-- INFORMATION PROVIDED follows --

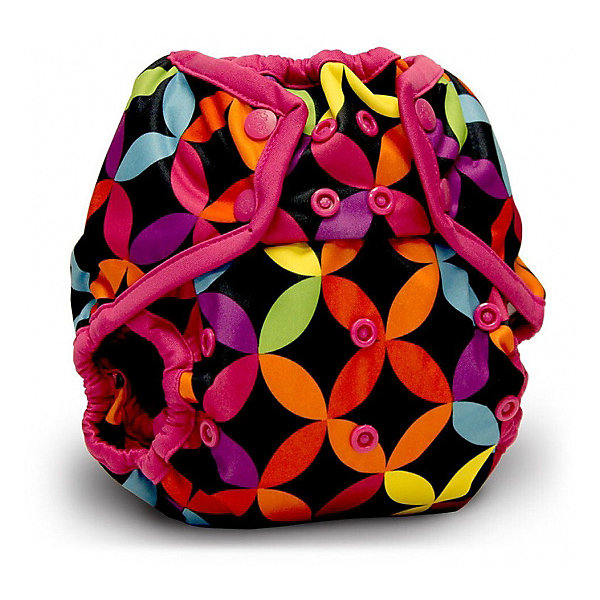 

Подгузник для плавания Kanga Care "Snap Cover", jeweled, Разноцветный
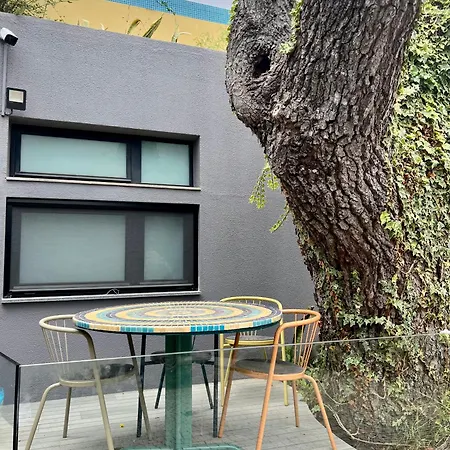 Lejlighed Modern With Kitchen & Secure Parking In *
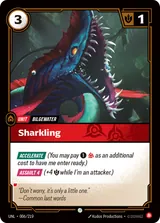 Sharkling (UNL-006)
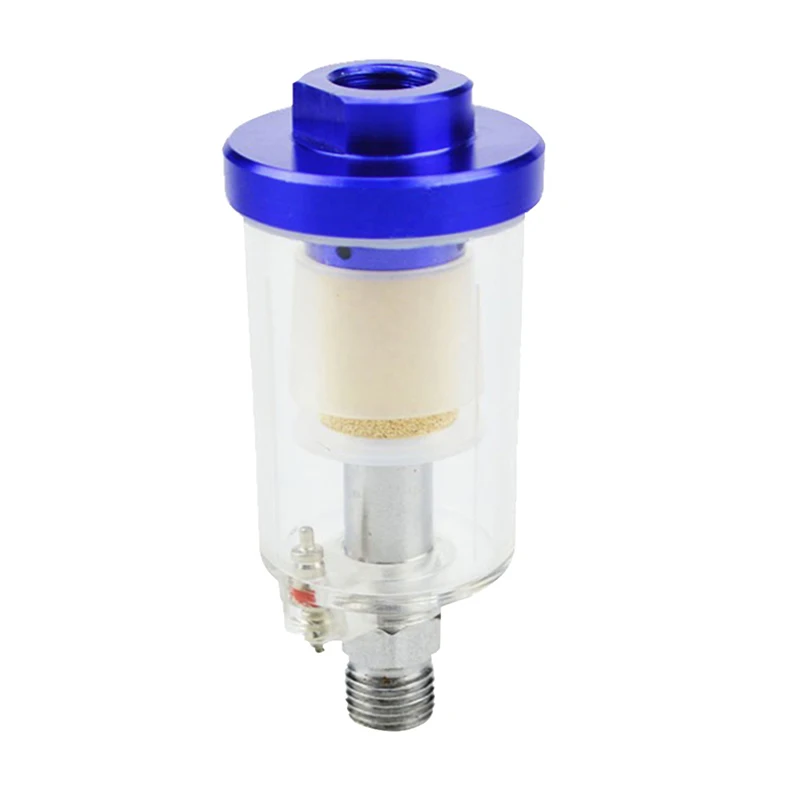 Water Separator Pneumatic Spray Gun Special Small Water Grid Oil Water Separator Small Air Filter Spray Gun Tail Grid Tools
Water Separator Pneumatic Spray Gun Special Small Water Grid Oil Water Separator Small Air Filter Spray Gun Tail Grid Tools
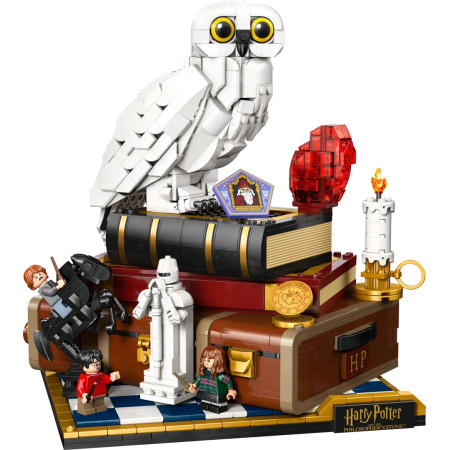 LEGO Harry Potter 76466 Filozofinis akmuo – kolekcinė versija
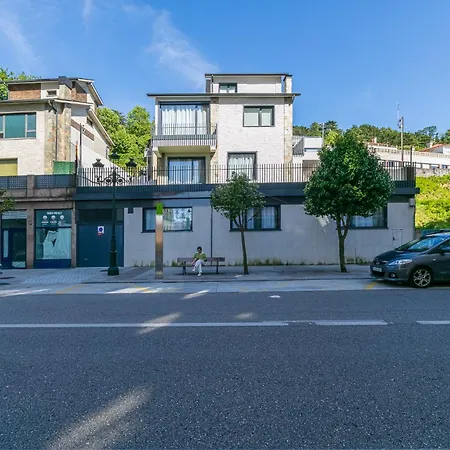 Appartement Elegante Y Luminoso En - Apto 6 By Comarca de Vigo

-- INFORMATION PROVIDED concluded --

WHAT YOU SHOULD DO =>
For every entry, return its exact wording and leave out any image.

RESPONSE AREA =>
Подгузник для плавания Kanga Care "Snap Cover", jeweled, Разноцветный
 Lejlighed Modern With Kitchen & Secure Parking In *
 Sharkling (UNL-006)
 Water Separator Pneumatic Spray Gun Special Small Water Grid Oil Water Separator Small Air Filter Spray Gun Tail Grid Tools
Water Separator Pneumatic Spray Gun Special Small Water Grid Oil Water Separator Small Air Filter Spray Gun Tail Grid Tools
 LEGO Harry Potter 76466 Filozofinis akmuo – kolekcinė versija
 Appartement Elegante Y Luminoso En - Apto 6 By Comarca de Vigo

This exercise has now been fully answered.